Last season at the prep school level, Donato simply dominated, scoring 78 points (37 goals, 41 assists) in only 30 games.

8. (9) Ryan Fitzgerald, C, 7.5D
Drafted 4th round, 120th overall, 2013

Fitzgerald is coming off a strong freshman campaign at Boston College. He scored a few important goals in the NCAA Tournament on the road to BC’s Frozen Four appearance. The diminutive size forward has not let his size hold him back, scoring 29 points in 40 games.

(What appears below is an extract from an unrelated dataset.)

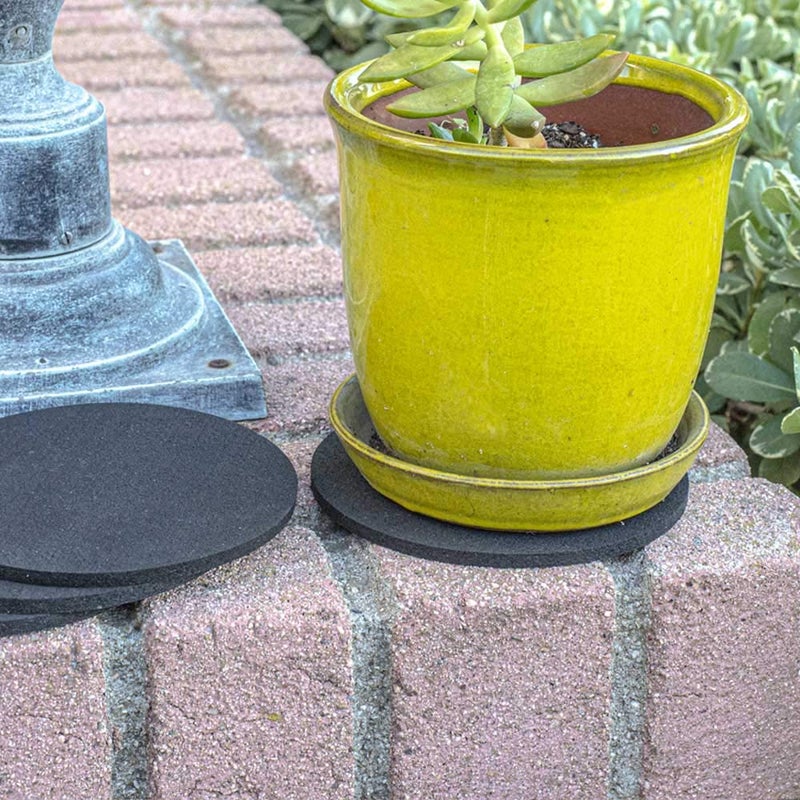 RevTime Round Rubber Trivet 1/4â€ Thickness for Rubber Cork Mat, Hot Pad, Stylish, Way to Set Any Plant Pot, Kettle, Anti-Shock mat for Fish Bowl. Spoon Rest (Pack of 4) Black (6") - Image 4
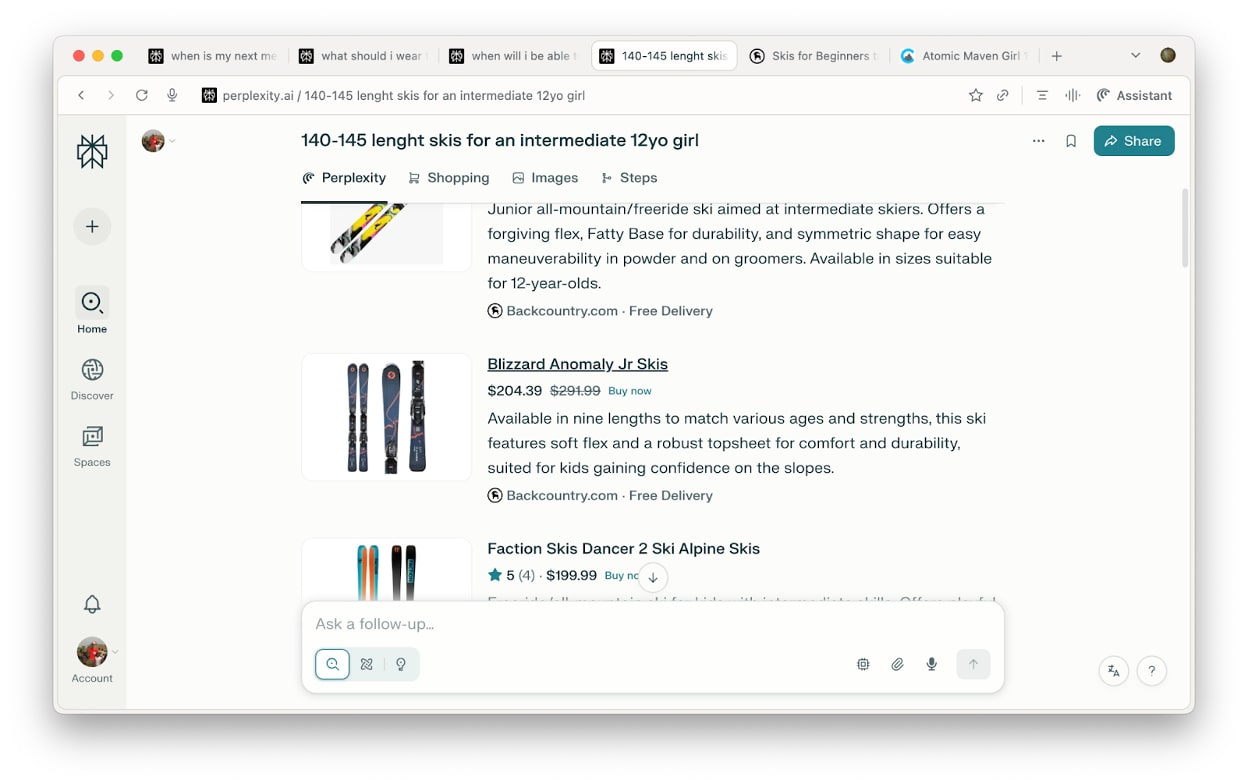 This challenge becomes clear when looking at how AI agents behave in real-world shopping scenarios. For example, when searching for a good deal on a pair of girl's skis in a specific size (145 cm), AI-powered tools like Perplexity's Comet browser can gracefully handle typos and surface relevant options (Figures 6–7).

Look for Fitzgerald to become a focal point in the Eagles’ offense this season with the departure of Johnny Gaudreau (CAL), Bill Arnold (CAL), and Kevin Hayes (NYR). Minnesota Wild first round selection, Alex Tuch and Fitzgerald could create a solid one-two punch offensively for the Eagles. Unfortunately, Fitzgerald and Tuch will no longer have the opportunity to play with Sonny Milano (CLB) this season, as the flashy forward opted to play in the OHL.

9. (11) Niklas Svedberg, G, 6.5A
Signed as free agent, May 29th, 2012

Svedberg made his NHL debut this past season against Nashville making 33 saves in a 3-2 win. He is poised to become goaltender Tuukka’s Rask backup this season, and has a solid resume. There is a good chance that Svedberg is a stop gap until Subban is ready for the NHL, as the Bruins previous back up goalies have been getting paid elsewhere once their contracts are up. With the Bruins strong defensive system many goalies have found a lot of success, Chad Johnson being the most recent.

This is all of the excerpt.